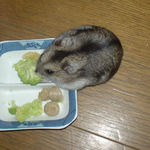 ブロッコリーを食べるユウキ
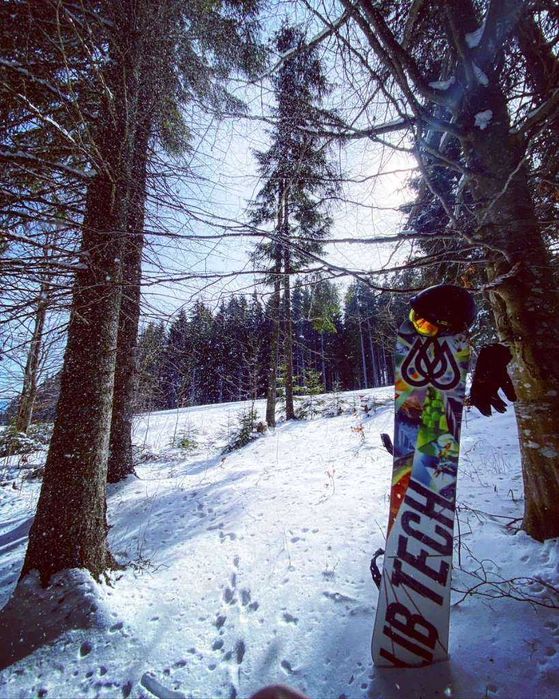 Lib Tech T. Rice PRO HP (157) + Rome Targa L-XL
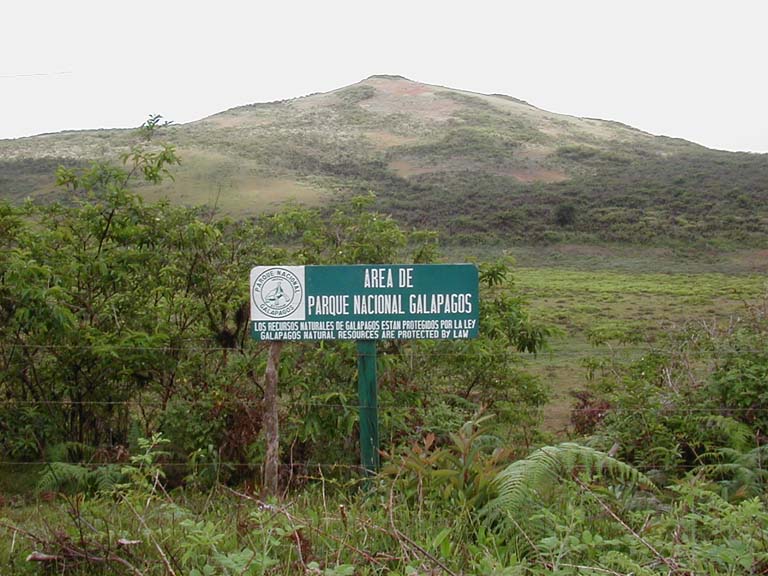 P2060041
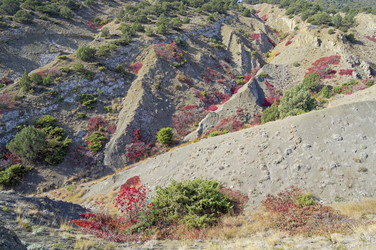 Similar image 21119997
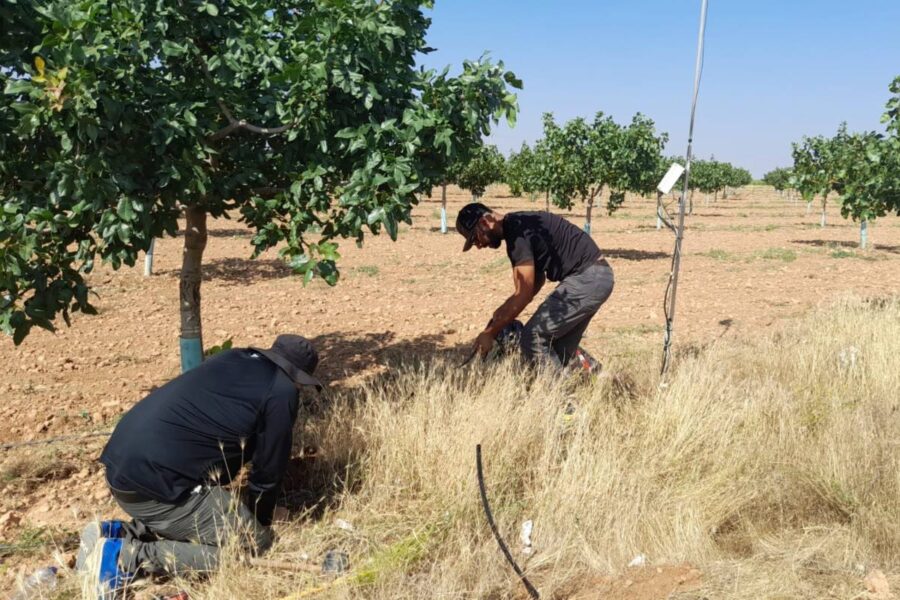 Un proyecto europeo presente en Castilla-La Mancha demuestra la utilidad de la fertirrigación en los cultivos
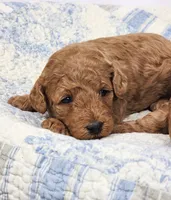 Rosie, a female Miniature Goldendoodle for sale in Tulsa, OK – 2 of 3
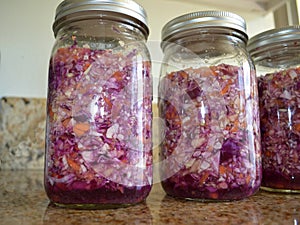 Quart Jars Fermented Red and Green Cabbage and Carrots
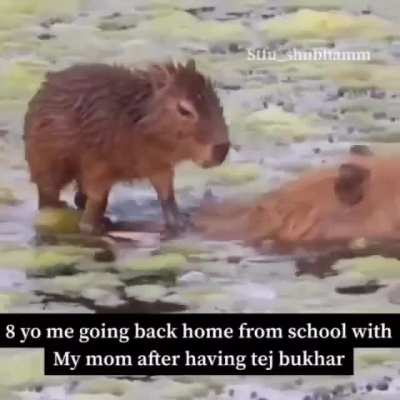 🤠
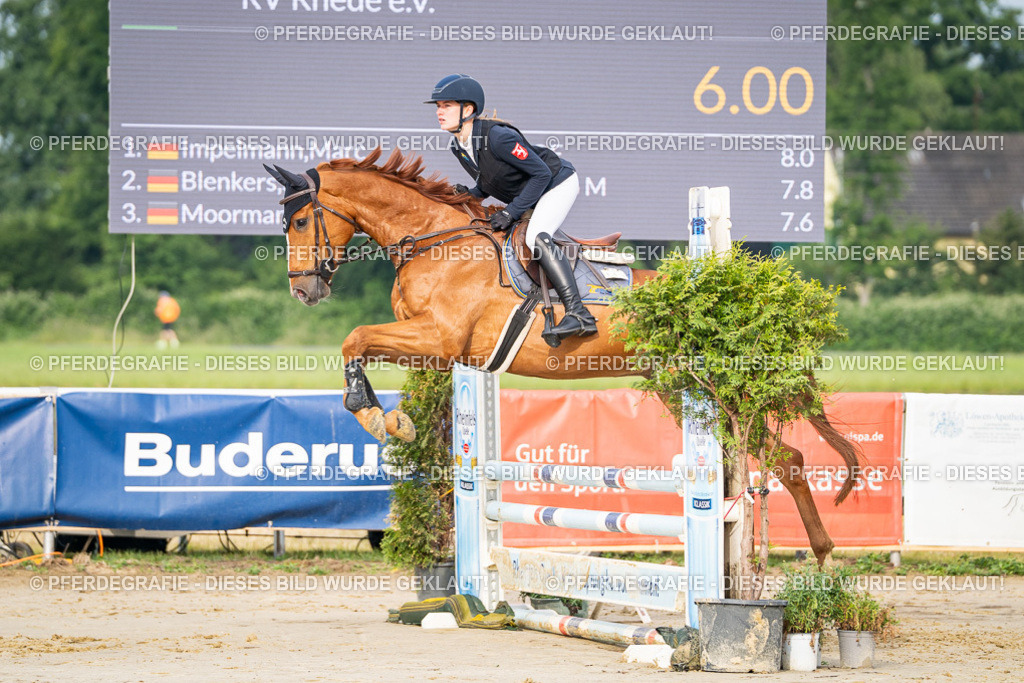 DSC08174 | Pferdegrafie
━━━━━━━━━━━━━━━━━━━━━━━━━━━━━━
Your answer should be every line above, written out exactly, with no pictures.

*Answer for the task:*
 ブロッコリーを食べるユウキ
 Lib Tech T. Rice PRO HP (157) + Rome Targa L-XL
 P2060041
 Similar image 21119997
 Un proyecto europeo presente en Castilla-La Mancha demuestra la utilidad de la fertirrigación en los cultivos
 Rosie, a female Miniature Goldendoodle for sale in Tulsa, OK – 2 of 3
 Quart Jars Fermented Red and Green Cabbage and Carrots
 🤠
 DSC08174 | Pferdegrafie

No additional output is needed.